WORK TASK => Give back exactly the lines running from the line with "Фото - Бак для" to the end of the entries, and only those lines.

[Records from a data collection]
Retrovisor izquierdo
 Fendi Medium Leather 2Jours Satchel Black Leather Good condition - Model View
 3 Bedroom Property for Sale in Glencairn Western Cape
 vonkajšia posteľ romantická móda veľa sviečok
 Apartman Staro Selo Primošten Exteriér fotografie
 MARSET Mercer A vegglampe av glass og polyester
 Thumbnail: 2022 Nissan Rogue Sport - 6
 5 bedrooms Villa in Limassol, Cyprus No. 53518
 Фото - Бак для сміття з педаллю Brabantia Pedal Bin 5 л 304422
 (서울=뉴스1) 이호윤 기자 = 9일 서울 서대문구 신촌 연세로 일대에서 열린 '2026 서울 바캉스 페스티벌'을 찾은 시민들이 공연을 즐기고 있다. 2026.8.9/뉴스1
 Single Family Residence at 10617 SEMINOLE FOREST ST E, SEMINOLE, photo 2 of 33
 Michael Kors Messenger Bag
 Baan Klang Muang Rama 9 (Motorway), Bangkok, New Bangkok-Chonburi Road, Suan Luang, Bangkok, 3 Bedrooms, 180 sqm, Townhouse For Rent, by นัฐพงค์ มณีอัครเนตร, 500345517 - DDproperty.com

ANSWER FOR THE TASK =>
 Фото - Бак для сміття з педаллю Brabantia Pedal Bin 5 л 304422
 (서울=뉴스1) 이호윤 기자 = 9일 서울 서대문구 신촌 연세로 일대에서 열린 '2026 서울 바캉스 페스티벌'을 찾은 시민들이 공연을 즐기고 있다. 2026.8.9/뉴스1
 Single Family Residence at 10617 SEMINOLE FOREST ST E, SEMINOLE, photo 2 of 33
 Michael Kors Messenger Bag
 Baan Klang Muang Rama 9 (Motorway), Bangkok, New Bangkok-Chonburi Road, Suan Luang, Bangkok, 3 Bedrooms, 180 sqm, Townhouse For Rent, by นัฐพงค์ มณีอัครเนตร, 500345517 - DDproperty.com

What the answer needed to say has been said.